Earlier this week, Dutch bank ABN Amro (ABN.AS) became the first large bank in the world to announce plans to pass negative interest rates on to customers. According to its website, the bank is currently updating its policies, and could begin charging interest on business checking and savings accounts as early as October 1.
This morning, Royal Bank of Scotland (RBS) – one of the largest banks in the U.K. – sent letters to more than 1 million business customers warning it could soon do the same.
It singled out the upcoming Bank of England policy meeting, at which Britain's central bank is largely expected to slash interest rates following the recent "Brexit" decision. The bank promised to do everything it could to protect customer accounts, but said it would "consider any necessary action in the event of the Bank of England base rate falling below zero."
Regular Digest readers aren't surprised this is happening. Events are playing out almost exactly as Porter's "Metropolitan Man" had warned. But we must admit... even we have been stunned by just how quickly things are moving.
We continue to believe the end game is clear: As money flees the crumbling paper-currency system, it's going to flood into gold and other precious metals... and push prices to heights that are unimaginable today.
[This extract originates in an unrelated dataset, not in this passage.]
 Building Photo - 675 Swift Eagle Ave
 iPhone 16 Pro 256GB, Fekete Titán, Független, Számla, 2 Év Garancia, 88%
In the meantime, as Porter noted on Friday, something interesting is happening in the precious metals market right now.
He and his team have been busy working on brand-new research for Stansberry Gold Investor subscribers... and they believe this new opportunity is so big, they're actually changing the name of the service.
Keep an eye out for a special announcement with all the details tomorrow.
In related news, the European Central Bank ("ECB") held its latest policy meeting late last week.
The bank held short-term negative rates steady and left its quantitative-easing program unchanged, but ECB President Mario Draghi promised the bank stood "ready, willing, and able" to add more stimulus if needed... And the market yawned.
This is a notable change from the past, when big promises from Draghi alone could push the euro lower. It suggests the influence of the ECB's current policies is waning.
This likely leaves the central bank with just two options: admit defeat, or do even more. Which do you believe is more likely?
Japan is in a similar situation...
Despite the government's best efforts to debase its currency – including a recently announced stimulus package – the yen has been rallying again. It hit fresh multiweek highs against both the dollar and the euro this morning.
The Bank of Japan is set to announce its latest policy decision this Friday. We won't be surprised if additional easing – or "something else" – is suddenly on the table.
The news for U.S. public pensions just keeps getting worse...
Longtime readers are familiar with their plight. In short, state and local governments across the country have officially promised more than $1 trillion to workers and retirees that they simply don't have.
Yet even this figure understates just how big these problems are... That's because funds are still using laughable forecasts of 7%-8% annual returns or more.
Meanwhile, the returns these funds have actually been earning continue to plunge. As the Wall Street Journal reported last night...
Twenty-year annualized returns for public pensions in the U.S. are poised to decline to 7.47% once fiscal 2016 results are released in coming weeks, according to an estimate from Wilshire Trust Universe Comparison Service, which tracks pension investment returns.
That would be the lowest-ever annual mark recorded by Wilshire, which began tracking the statistic 16 years ago. In 2001, near the height of the dot-com boom, pensions' 20-year median return was 12.3%, according to Wilshire.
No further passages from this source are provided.